--- Supplied material ---
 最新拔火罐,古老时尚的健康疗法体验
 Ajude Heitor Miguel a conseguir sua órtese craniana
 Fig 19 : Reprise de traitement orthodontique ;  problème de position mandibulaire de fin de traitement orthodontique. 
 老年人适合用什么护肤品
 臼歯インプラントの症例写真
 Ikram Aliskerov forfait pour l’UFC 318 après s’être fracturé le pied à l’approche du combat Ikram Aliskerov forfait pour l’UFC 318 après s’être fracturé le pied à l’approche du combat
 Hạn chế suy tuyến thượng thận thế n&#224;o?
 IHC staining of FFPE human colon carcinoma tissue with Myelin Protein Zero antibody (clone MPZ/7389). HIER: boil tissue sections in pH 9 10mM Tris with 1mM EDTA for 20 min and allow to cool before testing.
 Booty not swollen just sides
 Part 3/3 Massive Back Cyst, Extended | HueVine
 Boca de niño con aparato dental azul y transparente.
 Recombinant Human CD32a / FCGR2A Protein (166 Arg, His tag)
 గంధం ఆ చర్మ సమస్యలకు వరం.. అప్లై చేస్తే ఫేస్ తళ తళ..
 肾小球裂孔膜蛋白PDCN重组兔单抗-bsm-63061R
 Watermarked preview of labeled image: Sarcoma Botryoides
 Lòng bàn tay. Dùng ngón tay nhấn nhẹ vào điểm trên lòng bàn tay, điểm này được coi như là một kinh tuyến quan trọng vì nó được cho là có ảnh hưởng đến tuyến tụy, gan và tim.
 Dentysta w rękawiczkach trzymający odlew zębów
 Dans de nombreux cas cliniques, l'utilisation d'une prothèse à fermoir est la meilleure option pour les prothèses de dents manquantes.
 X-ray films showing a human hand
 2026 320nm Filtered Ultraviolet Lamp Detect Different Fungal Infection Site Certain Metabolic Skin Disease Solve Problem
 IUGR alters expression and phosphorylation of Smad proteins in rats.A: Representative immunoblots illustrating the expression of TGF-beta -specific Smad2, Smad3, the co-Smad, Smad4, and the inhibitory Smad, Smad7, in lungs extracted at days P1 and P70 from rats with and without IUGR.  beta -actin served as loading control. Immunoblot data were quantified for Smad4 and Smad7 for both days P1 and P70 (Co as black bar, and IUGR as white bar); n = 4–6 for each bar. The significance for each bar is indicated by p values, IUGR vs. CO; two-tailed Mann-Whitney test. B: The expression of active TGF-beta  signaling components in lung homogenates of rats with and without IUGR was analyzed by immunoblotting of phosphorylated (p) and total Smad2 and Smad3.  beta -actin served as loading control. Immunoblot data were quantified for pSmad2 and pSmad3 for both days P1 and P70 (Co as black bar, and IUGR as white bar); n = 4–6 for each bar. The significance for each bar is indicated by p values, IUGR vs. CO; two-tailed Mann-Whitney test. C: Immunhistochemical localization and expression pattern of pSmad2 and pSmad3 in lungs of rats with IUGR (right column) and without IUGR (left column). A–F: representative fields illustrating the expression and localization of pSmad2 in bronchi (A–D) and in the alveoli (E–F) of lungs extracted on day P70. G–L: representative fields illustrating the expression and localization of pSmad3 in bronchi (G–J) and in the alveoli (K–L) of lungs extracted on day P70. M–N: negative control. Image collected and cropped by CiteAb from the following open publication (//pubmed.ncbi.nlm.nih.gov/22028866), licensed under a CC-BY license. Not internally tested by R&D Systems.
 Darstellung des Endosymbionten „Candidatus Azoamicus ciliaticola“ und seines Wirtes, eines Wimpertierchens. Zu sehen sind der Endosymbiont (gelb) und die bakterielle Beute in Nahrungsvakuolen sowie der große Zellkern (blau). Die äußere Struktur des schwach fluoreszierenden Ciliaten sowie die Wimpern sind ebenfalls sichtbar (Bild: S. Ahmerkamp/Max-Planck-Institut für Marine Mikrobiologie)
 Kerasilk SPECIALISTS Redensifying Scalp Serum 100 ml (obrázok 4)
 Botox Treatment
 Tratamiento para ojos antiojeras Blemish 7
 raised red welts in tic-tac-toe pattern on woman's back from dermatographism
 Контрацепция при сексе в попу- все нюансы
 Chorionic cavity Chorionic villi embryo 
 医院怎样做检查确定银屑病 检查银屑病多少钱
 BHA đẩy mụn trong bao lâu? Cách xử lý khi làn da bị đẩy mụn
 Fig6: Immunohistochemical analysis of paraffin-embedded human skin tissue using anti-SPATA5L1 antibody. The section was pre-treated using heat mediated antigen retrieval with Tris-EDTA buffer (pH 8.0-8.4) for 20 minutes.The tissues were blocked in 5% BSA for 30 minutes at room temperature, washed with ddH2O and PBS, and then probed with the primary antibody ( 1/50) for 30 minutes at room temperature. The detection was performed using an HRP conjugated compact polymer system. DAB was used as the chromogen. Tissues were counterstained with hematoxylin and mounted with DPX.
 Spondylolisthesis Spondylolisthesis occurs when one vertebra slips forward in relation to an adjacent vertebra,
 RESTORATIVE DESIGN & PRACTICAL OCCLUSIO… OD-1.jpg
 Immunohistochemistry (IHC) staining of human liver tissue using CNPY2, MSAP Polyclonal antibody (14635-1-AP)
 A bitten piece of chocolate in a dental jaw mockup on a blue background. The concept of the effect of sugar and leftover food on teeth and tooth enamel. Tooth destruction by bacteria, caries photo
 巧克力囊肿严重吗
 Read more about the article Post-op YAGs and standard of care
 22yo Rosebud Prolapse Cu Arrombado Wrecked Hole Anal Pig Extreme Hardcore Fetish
---
Exercise objective: Type the records again in full, matching them exactly.

Exercise solution:
 最新拔火罐,古老时尚的健康疗法体验
 Ajude Heitor Miguel a conseguir sua órtese craniana
 Fig 19 : Reprise de traitement orthodontique ;  problème de position mandibulaire de fin de traitement orthodontique. 
 老年人适合用什么护肤品
 臼歯インプラントの症例写真
 Ikram Aliskerov forfait pour l’UFC 318 après s’être fracturé le pied à l’approche du combat Ikram Aliskerov forfait pour l’UFC 318 après s’être fracturé le pied à l’approche du combat
 Hạn chế suy tuyến thượng thận thế n&#224;o?
 IHC staining of FFPE human colon carcinoma tissue with Myelin Protein Zero antibody (clone MPZ/7389). HIER: boil tissue sections in pH 9 10mM Tris with 1mM EDTA for 20 min and allow to cool before testing.
 Booty not swollen just sides
 Part 3/3 Massive Back Cyst, Extended | HueVine
 Boca de niño con aparato dental azul y transparente.
 Recombinant Human CD32a / FCGR2A Protein (166 Arg, His tag)
 గంధం ఆ చర్మ సమస్యలకు వరం.. అప్లై చేస్తే ఫేస్ తళ తళ..
 肾小球裂孔膜蛋白PDCN重组兔单抗-bsm-63061R
 Watermarked preview of labeled image: Sarcoma Botryoides
 Lòng bàn tay. Dùng ngón tay nhấn nhẹ vào điểm trên lòng bàn tay, điểm này được coi như là một kinh tuyến quan trọng vì nó được cho là có ảnh hưởng đến tuyến tụy, gan và tim.
 Dentysta w rękawiczkach trzymający odlew zębów
 Dans de nombreux cas cliniques, l'utilisation d'une prothèse à fermoir est la meilleure option pour les prothèses de dents manquantes.
 X-ray films showing a human hand
 2026 320nm Filtered Ultraviolet Lamp Detect Different Fungal Infection Site Certain Metabolic Skin Disease Solve Problem
 IUGR alters expression and phosphorylation of Smad proteins in rats.A: Representative immunoblots illustrating the expression of TGF-beta -specific Smad2, Smad3, the co-Smad, Smad4, and the inhibitory Smad, Smad7, in lungs extracted at days P1 and P70 from rats with and without IUGR.  beta -actin served as loading control. Immunoblot data were quantified for Smad4 and Smad7 for both days P1 and P70 (Co as black bar, and IUGR as white bar); n = 4–6 for each bar. The significance for each bar is indicated by p values, IUGR vs. CO; two-tailed Mann-Whitney test. B: The expression of active TGF-beta  signaling components in lung homogenates of rats with and without IUGR was analyzed by immunoblotting of phosphorylated (p) and total Smad2 and Smad3.  beta -actin served as loading control. Immunoblot data were quantified for pSmad2 and pSmad3 for both days P1 and P70 (Co as black bar, and IUGR as white bar); n = 4–6 for each bar. The significance for each bar is indicated by p values, IUGR vs. CO; two-tailed Mann-Whitney test. C: Immunhistochemical localization and expression pattern of pSmad2 and pSmad3 in lungs of rats with IUGR (right column) and without IUGR (left column). A–F: representative fields illustrating the expression and localization of pSmad2 in bronchi (A–D) and in the alveoli (E–F) of lungs extracted on day P70. G–L: representative fields illustrating the expression and localization of pSmad3 in bronchi (G–J) and in the alveoli (K–L) of lungs extracted on day P70. M–N: negative control. Image collected and cropped by CiteAb from the following open publication (//pubmed.ncbi.nlm.nih.gov/22028866), licensed under a CC-BY license. Not internally tested by R&D Systems.
 Darstellung des Endosymbionten „Candidatus Azoamicus ciliaticola“ und seines Wirtes, eines Wimpertierchens. Zu sehen sind der Endosymbiont (gelb) und die bakterielle Beute in Nahrungsvakuolen sowie der große Zellkern (blau). Die äußere Struktur des schwach fluoreszierenden Ciliaten sowie die Wimpern sind ebenfalls sichtbar (Bild: S. Ahmerkamp/Max-Planck-Institut für Marine Mikrobiologie)
 Kerasilk SPECIALISTS Redensifying Scalp Serum 100 ml (obrázok 4)
 Botox Treatment
 Tratamiento para ojos antiojeras Blemish 7
 raised red welts in tic-tac-toe pattern on woman's back from dermatographism
 Контрацепция при сексе в попу- все нюансы
 Chorionic cavity Chorionic villi embryo 
 医院怎样做检查确定银屑病 检查银屑病多少钱
 BHA đẩy mụn trong bao lâu? Cách xử lý khi làn da bị đẩy mụn
 Fig6: Immunohistochemical analysis of paraffin-embedded human skin tissue using anti-SPATA5L1 antibody. The section was pre-treated using heat mediated antigen retrieval with Tris-EDTA buffer (pH 8.0-8.4) for 20 minutes.The tissues were blocked in 5% BSA for 30 minutes at room temperature, washed with ddH2O and PBS, and then probed with the primary antibody ( 1/50) for 30 minutes at room temperature. The detection was performed using an HRP conjugated compact polymer system. DAB was used as the chromogen. Tissues were counterstained with hematoxylin and mounted with DPX.
 Spondylolisthesis Spondylolisthesis occurs when one vertebra slips forward in relation to an adjacent vertebra,
 RESTORATIVE DESIGN & PRACTICAL OCCLUSIO… OD-1.jpg
 Immunohistochemistry (IHC) staining of human liver tissue using CNPY2, MSAP Polyclonal antibody (14635-1-AP)
 A bitten piece of chocolate in a dental jaw mockup on a blue background. The concept of the effect of sugar and leftover food on teeth and tooth enamel. Tooth destruction by bacteria, caries photo
 巧克力囊肿严重吗
 Read more about the article Post-op YAGs and standard of care
 22yo Rosebud Prolapse Cu Arrombado Wrecked Hole Anal Pig Extreme Hardcore Fetish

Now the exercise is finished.